Immédiatement contre la république se dressèrent les forces qui, quelques années plus tard, devaient constituer les solides appuis de l’insurrection franquiste: l’Église catholique, l’armée, l’aristocratie des grands propriétaires terriens et la haute bourgeoisie. Elle dut également compter, parmi ses adversaires, les anarchistes regroupés syndicalement au sein d’une puissante Confédération Nationale des Travailleurs (C.N.T.) que doubla bientôt, dans le domaine politique, la Fédération Anarchiste ibérique (F.A.I.). Dans le monde du travail les impatiences étaient grandes. Le gouvernement ne sut y répondre. Les grèves et les insurrections anarchistes, prétendant aboutir à l’instauration immédiate du communisme libertaire, loin de constituer la réponse qui eût convenu, contribuèrent à ruiner le climat social et politique de l’Espagne. Les socialistes de leur côté, très influents dans l’Union Générale des Travailleurs (U.G.T.) n’étaient pas loin de penser que l’insurrection des masses ouvrières étaient la seule issue pour l’Espagne, et ils ne comptaient que sur leurs seules forces pour y parvenir.

Il est aisé de comprendre, dans ces conditions, les difficultés internes d’un jeune parti communiste d’Espagne, replié sur lui-même et auquel faisait défaut, de la base au sommet, une culture politique qui ne s’acquiert qu’au feu du combat quotidien. Jusque en 1934-35 les communistes n’exercèrent aucune influence réelle sur la vie politique espagnole : une secte plutôt qu’un parti.

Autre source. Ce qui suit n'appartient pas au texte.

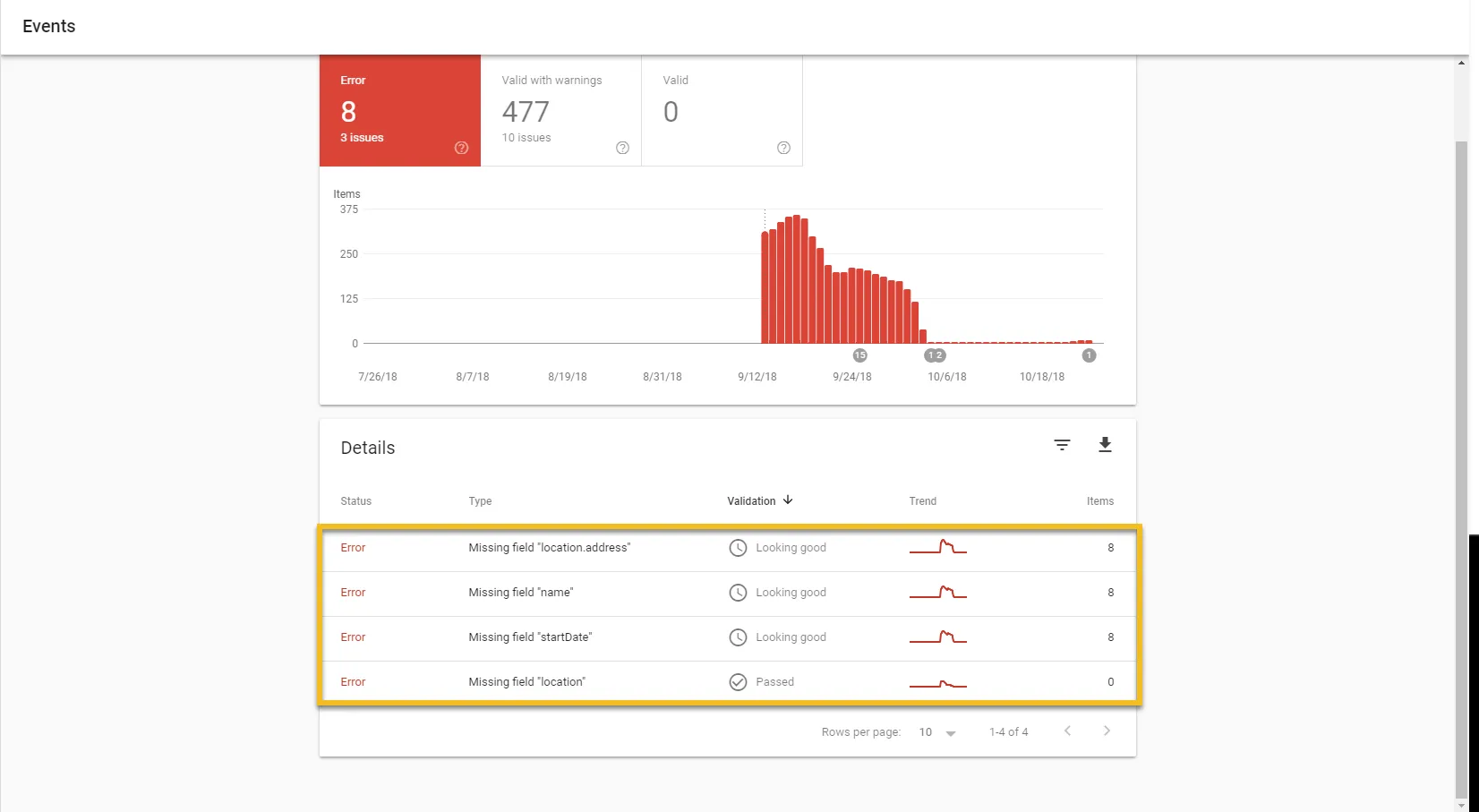 google search console schema validation - Custom Shopify Schema: Advanced Enterprise SEO Guide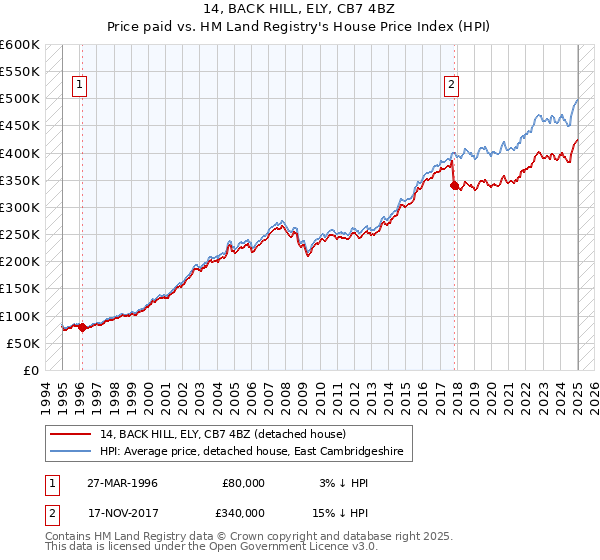 14, BACK HILL, ELY, CB7 4BZ: Price paid vs HM Land Registry's House Price Index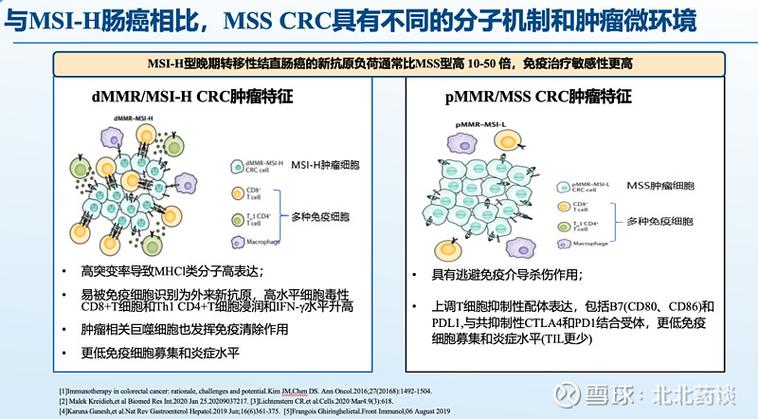 TransactionSynchronizationManager如何正确使用及其核心意义是什么？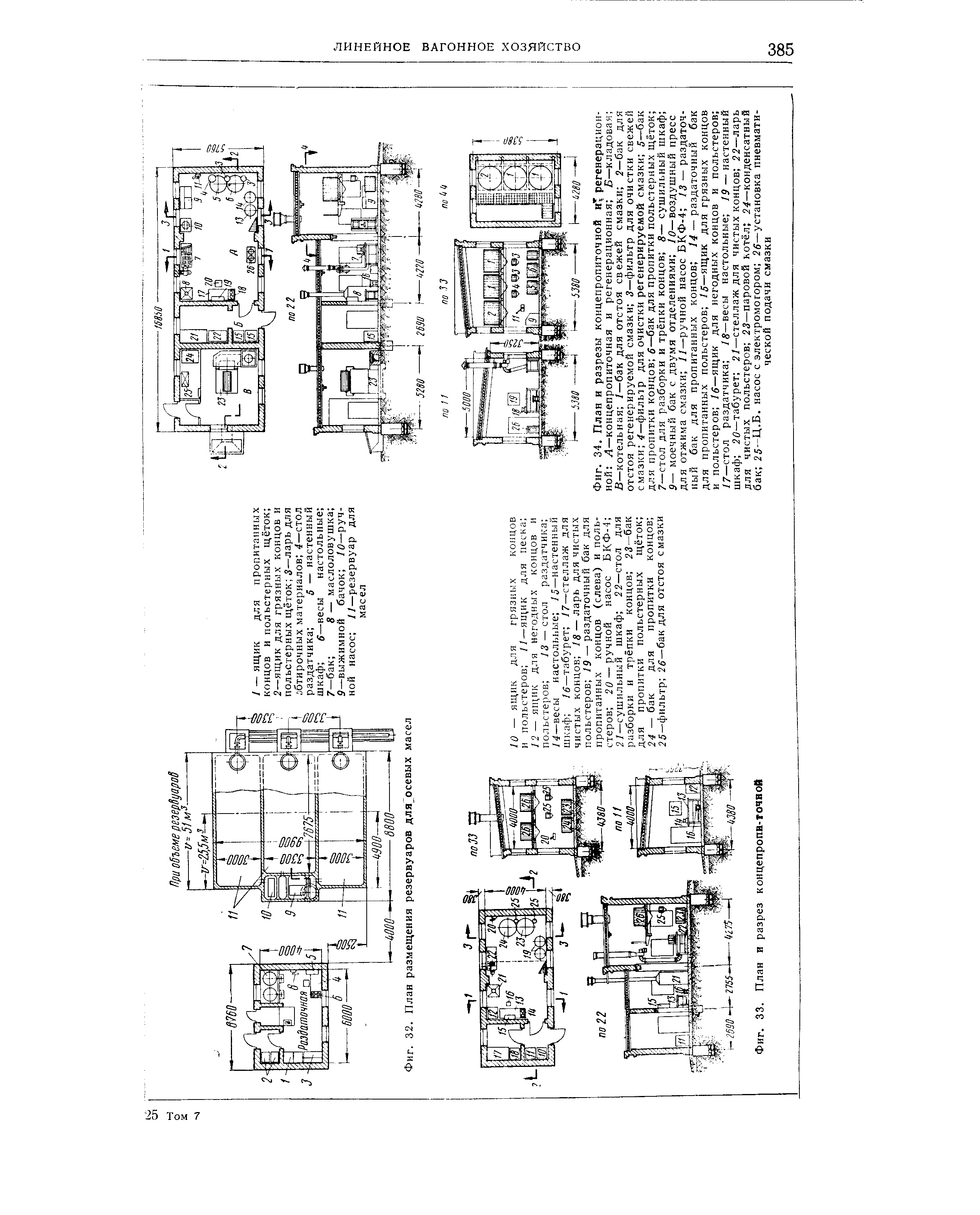 Фиг. 34. План и разрезы концепропиточной регенерационной А—концепропиточная и регенерационная Б—кладовая В—котельная /—бак для отстоя свежей смазки 2—бак для отстоя регенерируемой смазки 5—фильтр для очистки свежей смазки —филыр для очистки регенерируемой смазки 5—бак для пропитки концов 5—бак для пропитки польстерных щёток 7—стол для разборки и трёпки концов 8— <a href="/info/289400">сушильный шкаф</a> 9— моечный бак с двумя отделениями / —воздушный пресс для отжима смазки 11—<a href="/info/182467">ручной насос</a> БКФ-4 13 — раздаточный бак для пропитанных концов 14 — раздаточный бак для пропитанных польстеров /5—ящик для грязных концов и польстеров /5—ящик для негодных концов и польстеров У7—стол раздатчика 75—<a href="/info/354517">весы настольные</a> 19 — настенный шкаф 2(7—табурет 21—стеллаж для чистых концов 22—ларь для чистых польстеров 25—паровой котёл 2 —конденсатный бак 25—Ц.Б. насос с электромотором 25—<a href="/info/231326">установка пневматической</a> подачи смазки
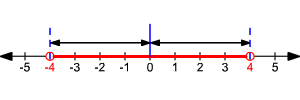 Math diagram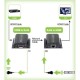 Techly Extender HDMI Full HD on cable Cat.5E / 6 / 6A / 7 max 60m Autoregulated IDATA EXT-E70I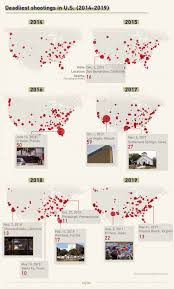 So far this year, the united states has seen at least six mass shootings, including thursday night's violence at an indianapolis fedex facility. U S Mass Shootings Will 2020 Be Any Different Cgtn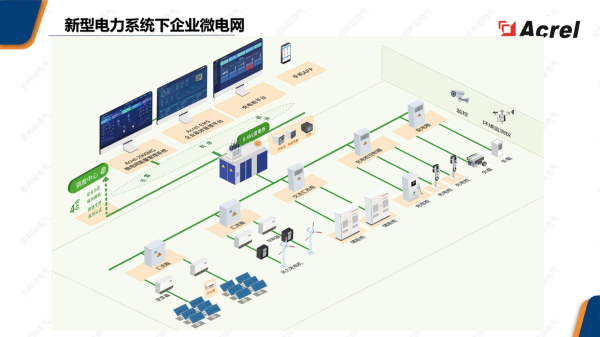 汇盈配资 安科瑞EMS3.0碳管理平台助力企业解决暗藏的3个“碳陷阱”
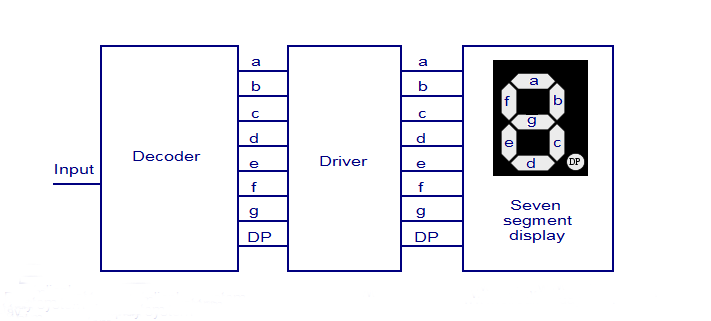 LED seven segment display system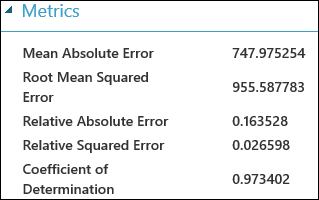 Linear Regression Evaluation Metrics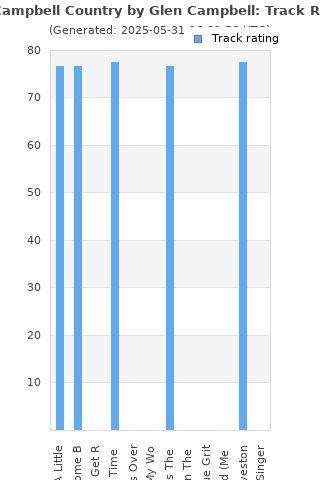 Track ratings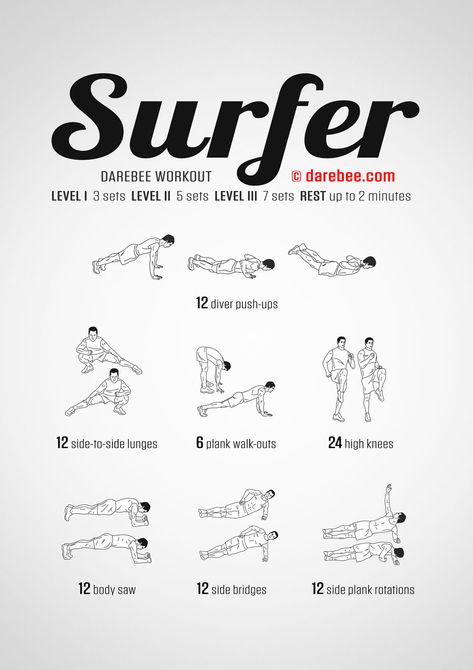 Surfer Girl Workout, Surfer Workout, Surf Training, Surfing Workout, Surfing Tips, Surfing Pictures, Sup Yoga, Swimming Workout, Surf Life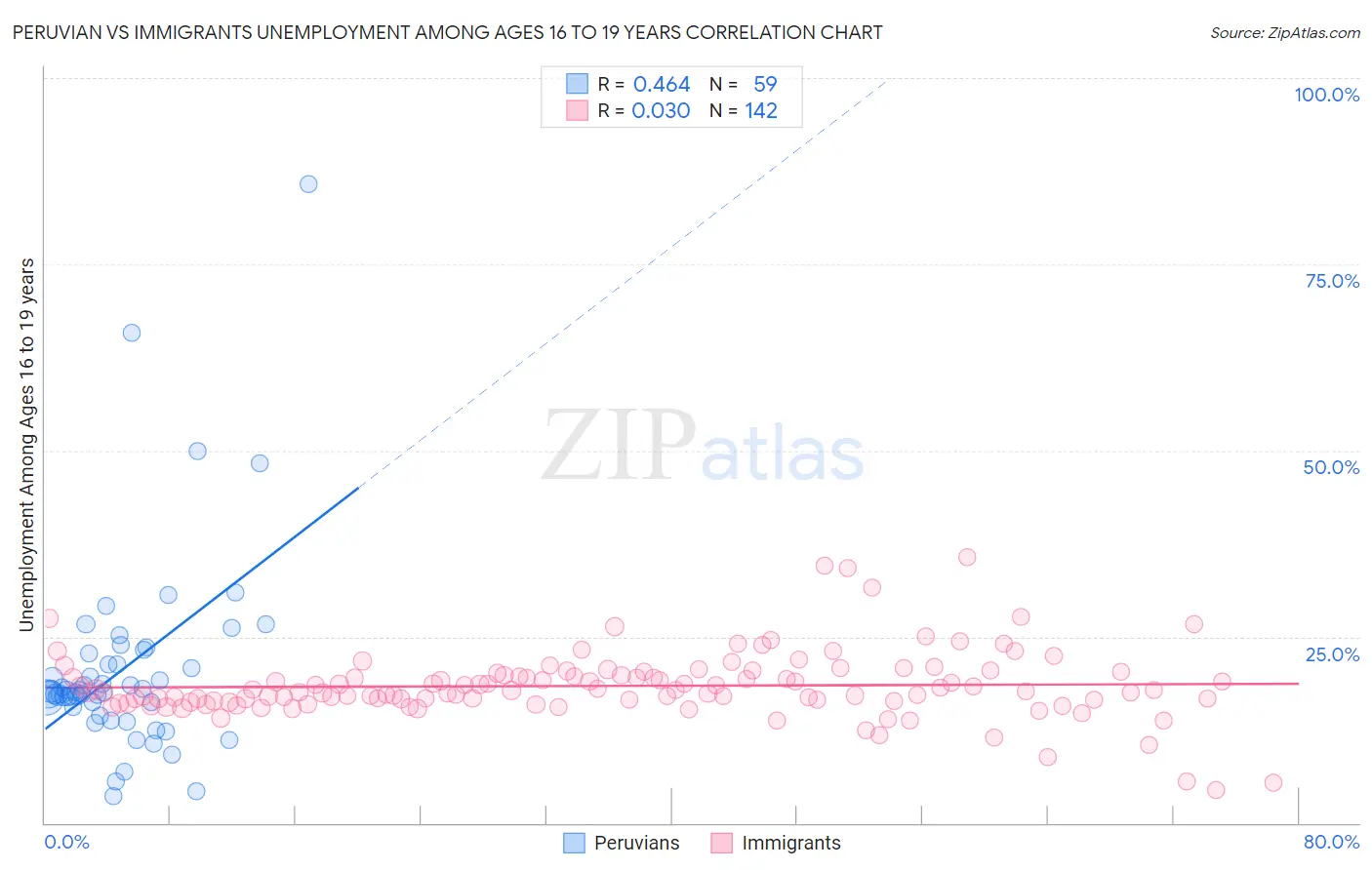 Peruvian vs Immigrants Unemployment Among Ages 16 to 19 years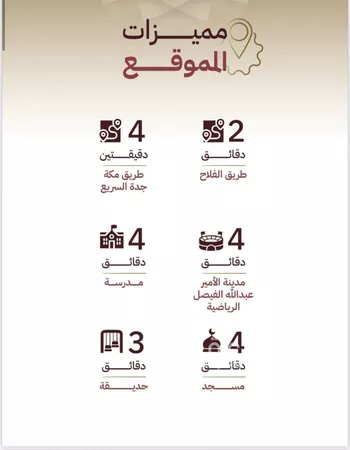شقة للبيع في شارع الشريف حسن ابن ابي نمي, حي مدائن الفهد, مدينة جدة, منطقة مكة المكرمة صورة 4
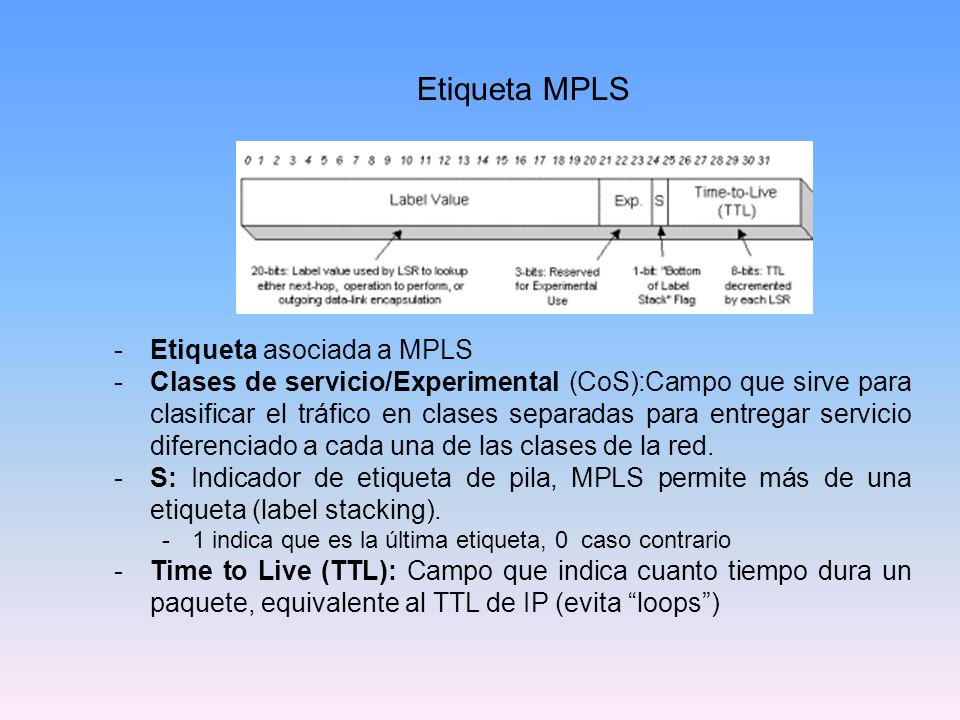 Etiqueta MPLS Etiqueta asociada a MPLS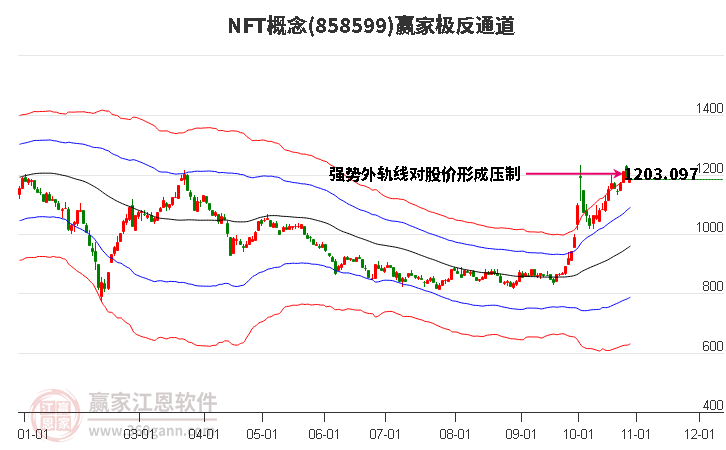 858599NFT赢家极反通道工具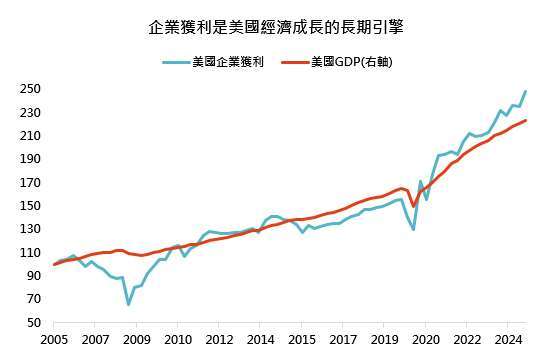 資料來源:Bloomberg,「鉅亨買基金」整理。以2005年為基期值100,美元計價,資料日期:2025/4/30。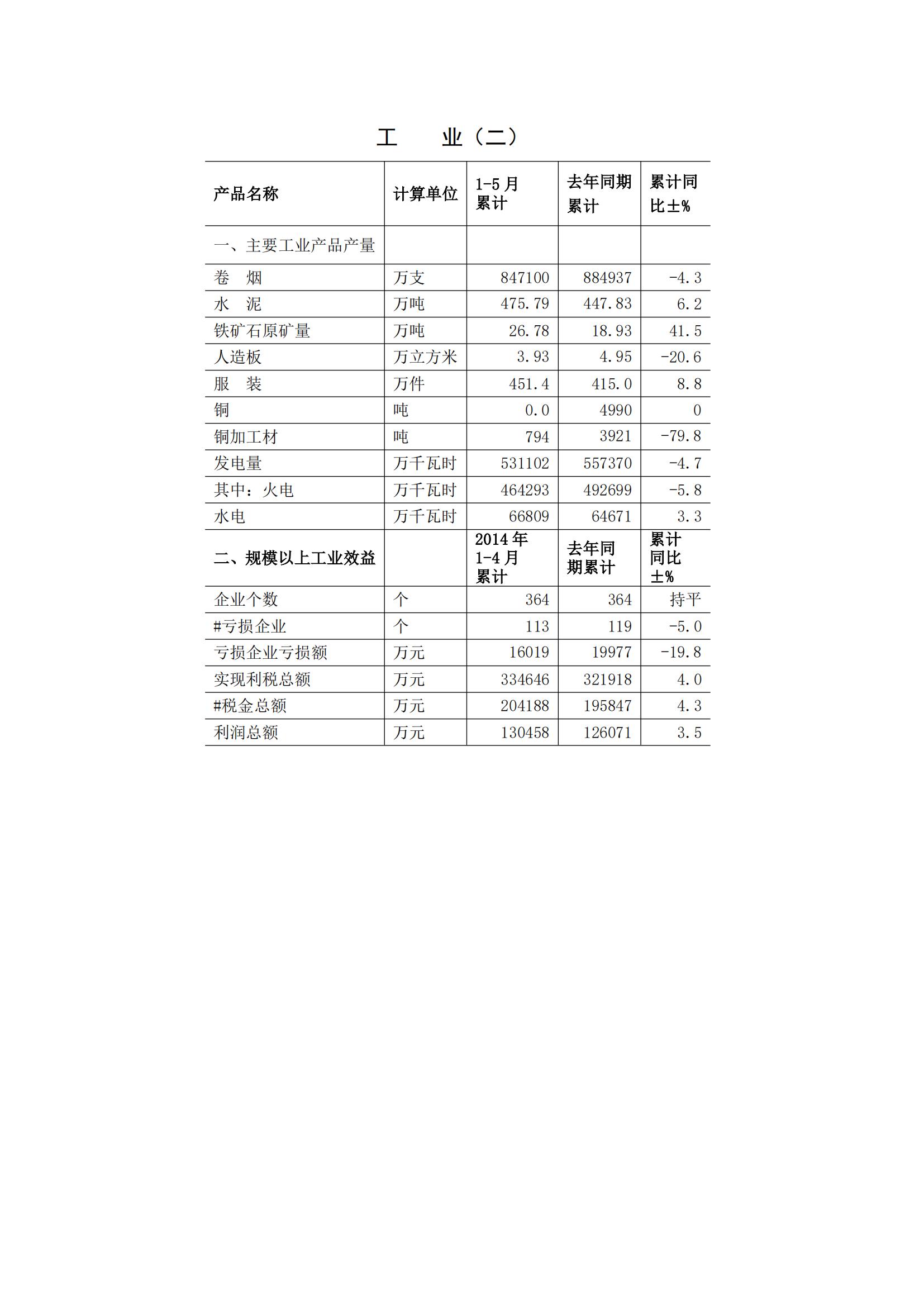 2014年5月月报（定稿）--2014-6-18_02.jpg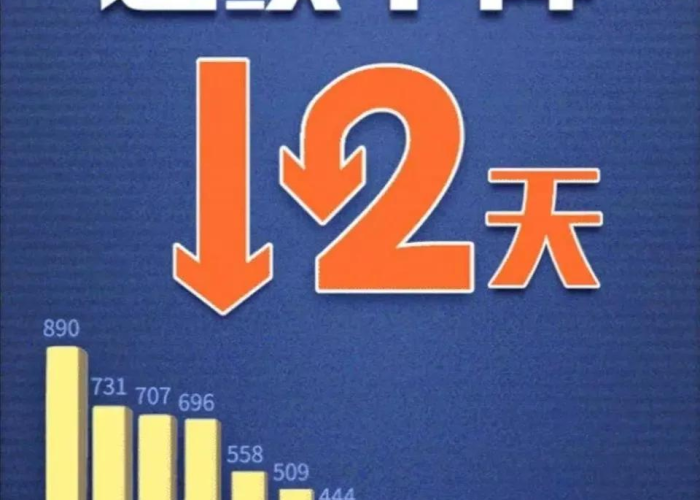 疫情什么时侯解除，疫情什么时候彻底解封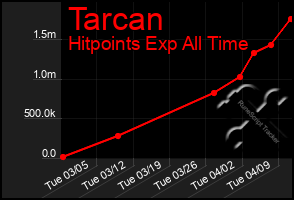 Total Graph of Tarcan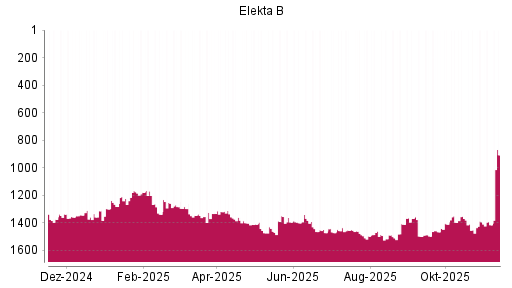 BOTSI®-Advisor Hochstufung Elekta B von Rang 1511 auf ...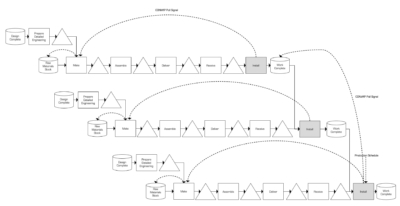 Project Production Control Meta Level Schema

En dépit des efforts de Barbusse il n’y eut pas en Espagne de grands mouvements pour la paix. La situation ne s’y prêtait pas. Il n’en demeure pas mois que ses vues étaient très pertinentes et que sa conception du « front unique » mériterait une étude approfondie.

Julian Gorkin, auquel il est fait allusion, figure vers 1933-1934 parmi les dirigeants du P.C.E. Il s’en sépara, au début de la guerre civile, et devint, avec Andreas Nin, l’un des animateurs du Parti Ouvrier d’Unité Marxiste ( P.O.U.M ), une formation de tendance trotskiste.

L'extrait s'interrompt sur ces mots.